GENERAL GAS CHROMATOGRAPHIC METHOD

      The general procedures set forth in the following paragraphs are applicable to the quantitative determination of benzyl alcohol, chlorobutanol, phenol, and the methyl, ethyl, propyl, and butyl esters of phydroxybenzoic acid, the latter being treated as a group, the individual members of which, if present, are capable of separate determination. Prepare the internal standard solution and the standard preparation for each agent as directed individually below. Unless otherwise directed below, prepare the test preparation from accurately measured portions of the internal standard solution and the sample under test, of such size that the concentration of the agent and the composition of the solvent correspond closely to the concentration and composition of the standard preparation.

Benzyl Alcohol

      Carry out determination as described in the “Gas Chromatography” (Appendix 3.4).
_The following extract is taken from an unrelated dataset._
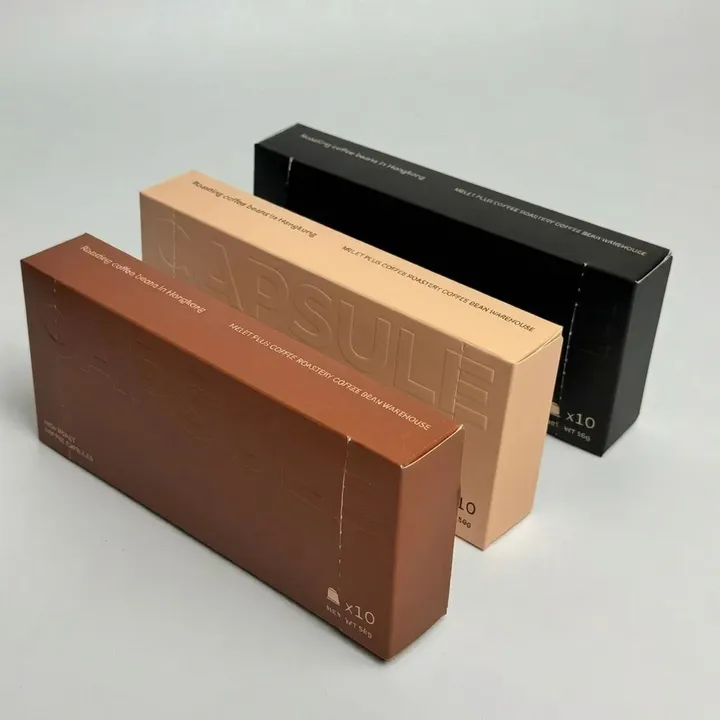 Three closed custom coffee pod boxes representing the coffee packaging category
      Internal standard solution Dissolve about 380 mg of phenol in 10 ml of methanol contained in a 200-ml volumetric flask. Add water to volume, and mix.

      Standard preparation Dissolve about 180 mg of benzyl alcohol, accurately weighed, in 20.0 ml of methanol contained in a 100-ml volumetric flask. Add internal standard solution to volume, and mix.

      Chromatographic system The chromatographic procedure may be carried out using (a) a glass column (1.8 m × 3 mm), packed with 5 per cent liquid phase of polyethyleneglycol compound (av. mol. wt. about 15,000) (Carbowax 20M or equivalent is suitable) on diatomaceous support (80- to 100- or 100- to 120-mesh), maintained at 140º (Note The diatomaceous support is acid-washed and then water-washed until neutral, but it is not alkali-washed. It may be silanized.), and (b) helium or nitrogen as the carrier gas at a flow rate of 50 ml per minute.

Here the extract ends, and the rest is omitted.